• _Work to be completed_
For this task, copy all of the data below exactly and skip the pictures.

• _Information provided_
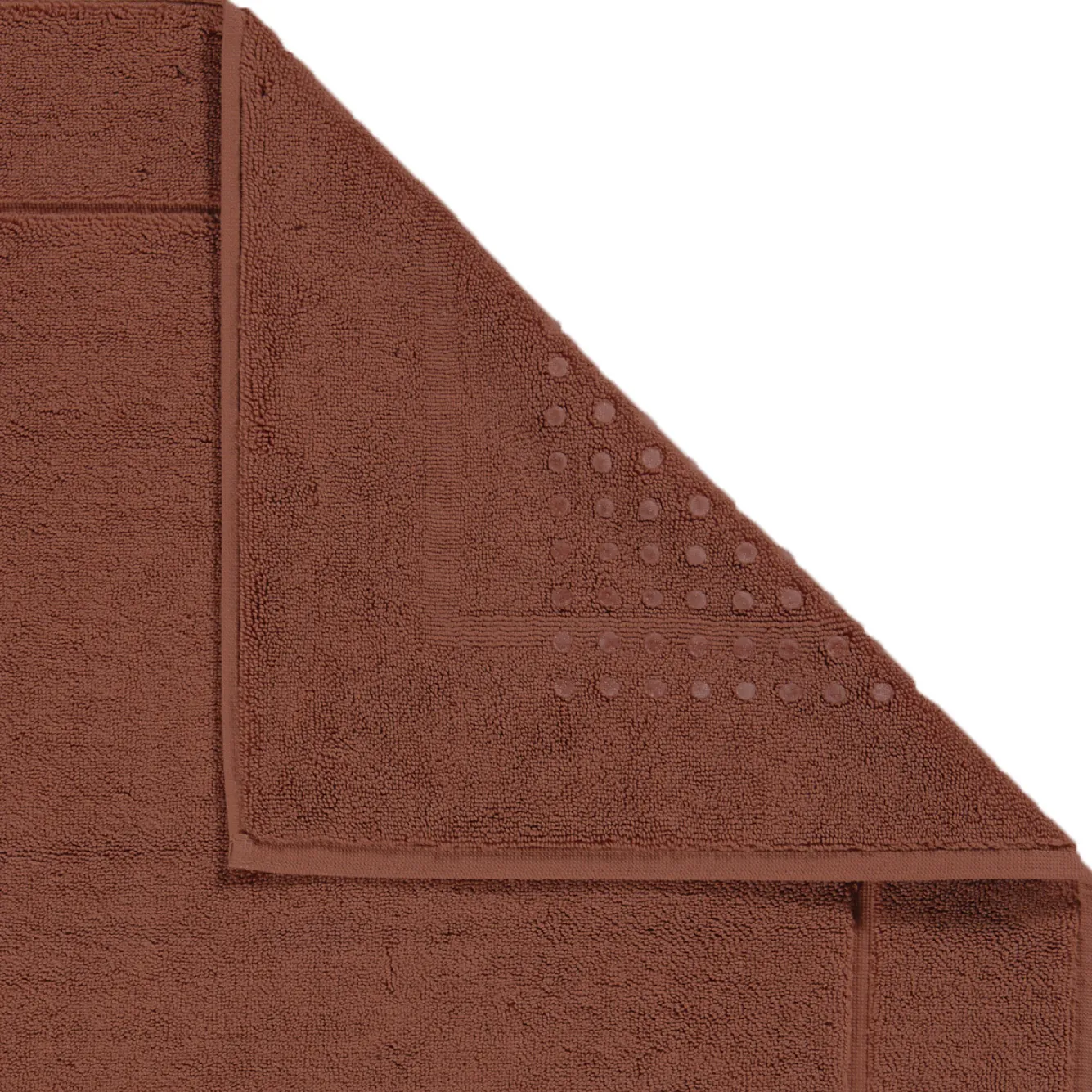 Aquanova Bath mat LONDON color Umber-284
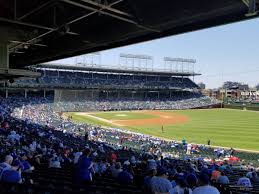 wrigley field section 230 chicago cubs rateyourseats com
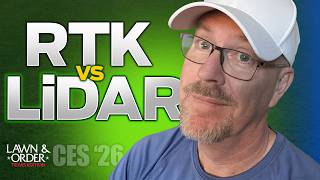 RTK Is Failing — Here’s Why LiDAR Is Taking Over Robot Lawn Mowers (CES 2026)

• _Reply to the task_
 Aquanova Bath mat LONDON color Umber-284
 wrigley field section 230 chicago cubs rateyourseats com
 RTK Is Failing — Here’s Why LiDAR Is Taking Over Robot Lawn Mowers (CES 2026)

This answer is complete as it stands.